When operating a machine at higher output, the input power is obviously correspondingly increased. This gives rise to increased losses due to the resistance of the electricity supply. Mains line resistance is in fact the sum total of the resistance of all cables, terminals
etc. back to the power station. In normal domestic situations it may be ignored, but for x-ray units it becomes significant.
For instance, if the total mains resistance was just one ohm, the voltage drop across it would obviously become (that is, according to Ohm’s Law):-
For 1 Amp : 1 Volt
For 100 Amps : 100 Volts
For 250 Amps : 250 Volts
The mains resistance is normally just a fraction of an ohm, but when drawing heavy currents even that seemingly small value gives rise to significant voltage drops. And, of course, the higher the value of mains resistance (due, perhaps, to a poor quality mains supply), the more affect it will have on x-ray output.
How big is your unit (in kilowatts?) ... OK, so (as the Americans say) - "you do the math"! That is, how much current does that 230 volts supply get asked to cough up when the factors (kV, mA, time) are set to maximum?

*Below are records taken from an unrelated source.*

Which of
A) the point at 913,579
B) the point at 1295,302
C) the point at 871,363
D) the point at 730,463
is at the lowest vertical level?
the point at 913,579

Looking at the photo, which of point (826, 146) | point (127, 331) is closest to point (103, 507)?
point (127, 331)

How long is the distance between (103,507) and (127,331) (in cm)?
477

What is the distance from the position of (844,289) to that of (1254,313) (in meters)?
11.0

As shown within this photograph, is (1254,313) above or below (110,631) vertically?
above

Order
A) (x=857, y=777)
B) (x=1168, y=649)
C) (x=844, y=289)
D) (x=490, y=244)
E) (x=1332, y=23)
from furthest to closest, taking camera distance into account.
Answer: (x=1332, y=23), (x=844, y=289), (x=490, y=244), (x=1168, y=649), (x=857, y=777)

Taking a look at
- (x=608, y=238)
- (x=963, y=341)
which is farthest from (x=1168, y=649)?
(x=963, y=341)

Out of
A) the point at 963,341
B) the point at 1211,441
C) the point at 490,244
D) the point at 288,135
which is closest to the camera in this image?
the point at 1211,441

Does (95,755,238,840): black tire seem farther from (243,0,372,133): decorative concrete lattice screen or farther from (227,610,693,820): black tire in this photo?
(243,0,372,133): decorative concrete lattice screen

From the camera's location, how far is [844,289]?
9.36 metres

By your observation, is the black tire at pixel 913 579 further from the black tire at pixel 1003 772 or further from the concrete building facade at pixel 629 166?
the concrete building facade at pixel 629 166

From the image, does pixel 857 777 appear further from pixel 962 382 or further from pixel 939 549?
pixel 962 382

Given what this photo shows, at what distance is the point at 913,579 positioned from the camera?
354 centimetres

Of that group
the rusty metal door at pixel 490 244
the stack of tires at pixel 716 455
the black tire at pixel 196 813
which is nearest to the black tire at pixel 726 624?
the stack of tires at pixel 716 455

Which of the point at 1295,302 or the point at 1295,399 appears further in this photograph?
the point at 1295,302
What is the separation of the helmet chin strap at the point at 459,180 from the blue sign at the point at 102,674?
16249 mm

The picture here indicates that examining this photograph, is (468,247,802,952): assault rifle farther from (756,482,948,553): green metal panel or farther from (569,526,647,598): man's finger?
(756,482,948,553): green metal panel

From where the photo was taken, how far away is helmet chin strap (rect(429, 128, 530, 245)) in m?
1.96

The normal method of compensating for voltage losses due to mains resistance is to insert
extra resistance at the machine’s input to ensure that it operates from a supply whose mains resistance is a known value (within our control). This should be done during (before) initial calibration of the unit at site. In this way we can calculate the voltage loss at various tube currents and arrange that the off-load value is high by an amount equal to the predicted loss whilst on load.
Within the (typical) x-ray unit itself, other compensation circuits attempt to automatically compensate for variations in supply voltage. For instance, voltage stabilization of the filament circuit tries to ensure that supply voltage variations are not transmitted to the filament, causing unwanted changes in tube current.
Meanwhile, in your case I am wondering about the arrangement of the incoming power supply right at (immediately coming in to) the unit. Is it fed from a spur? How far from the distribution panel? Hopefully it will be right next to it. You might also like to make sure that the unit has a really good earth! It's all basic Ohm's Law, really (higher resistance, causing larger than necessary currents, leading to unwanted volt drops beyond the capabilities of compensation circuits to handle
etc., etc.).